How to Rotate Mesh Along Certain Axis by Using rotationQuaternion?

Hi guys, thanks for reading this! Here is a very simple playground example!

I already have some basic idea about quaternion and rotation.

The problem is that a quaternion is defined by q = cos(theta/2) + i * sin(theta/2), which i represents the axis, but it only has a direction! Infinite numbers of axis can be defined by only a direction without a init point, so I can only assume that the axis always starts from the center of a mesh.

But what if I wish to rotate a mesh(like this ground) along any certain axis with both a direciton and a init point? Like a line starts from Vector3(0, 2, 0) and points at direction Vector3(1, 0, 0)?

In the example, I tried to move the ground mesh by a given displacement(y = +2), then I rotate it , then I do the opposite displacement, but the ground mesh have the same pose as I do not do any displacement but only rotation.

I wish there is a simple way to rotate a mesh along this line y=2 && direction = (1, 0, 0), by using rotationQuaterion property of a mesh!

Hope I made myself clear!

An axis is always an infinite line that pass thru (0,0,0)
You can’t move an axis but you can translate the mesh so the axis is moving relative to the mesh center.
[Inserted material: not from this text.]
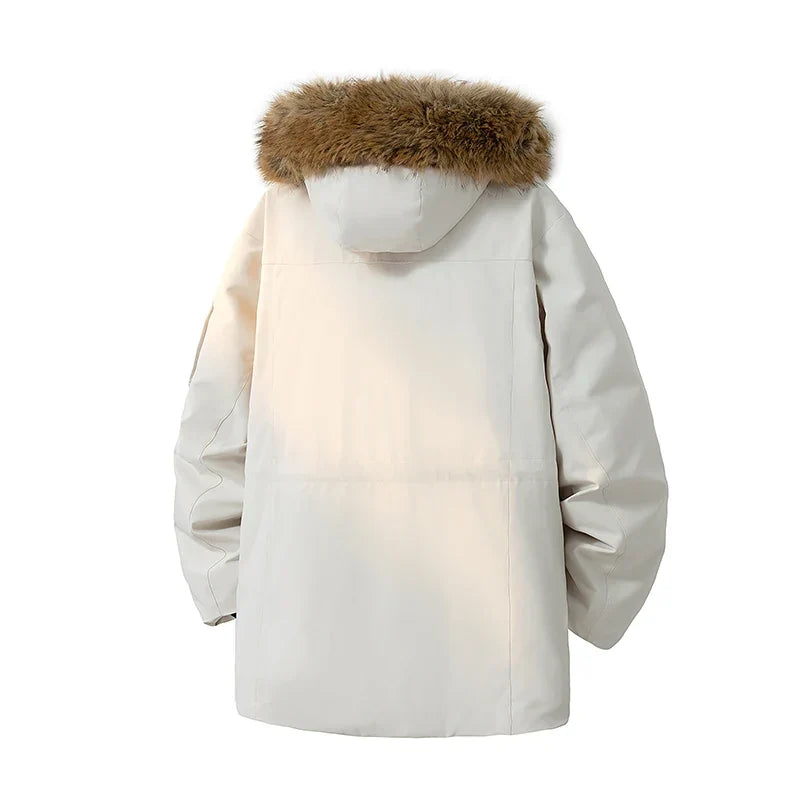Winterjas met capuchon en nepbont, veel zakken, lange model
I totally understand your theory and thats exactly what I’ve experienced in that PG.
Could you be more specific about “translate the mesh” ?
I did so by changing the position property of a mesh, as you could see in PG, I set the y position of that ground postion.y = 2, then I tried to do the rotation and then set position.y = 0. However it did not work.
Did you mean I have to change the position of all the vertices? Like if I have a triangle of 3 vertices, I then have to change the position of every vertex, then do the rotation along that axis?
Or Could you please do a demo on that PG?
Thanks again!

This can be achieved with a pivot:

the pivot point is relative to the mesh position, so it’s easy to compute its absolute value. Then, rotation applies around that pivot.


this is great ! thanks for the PG! Exactly what I need!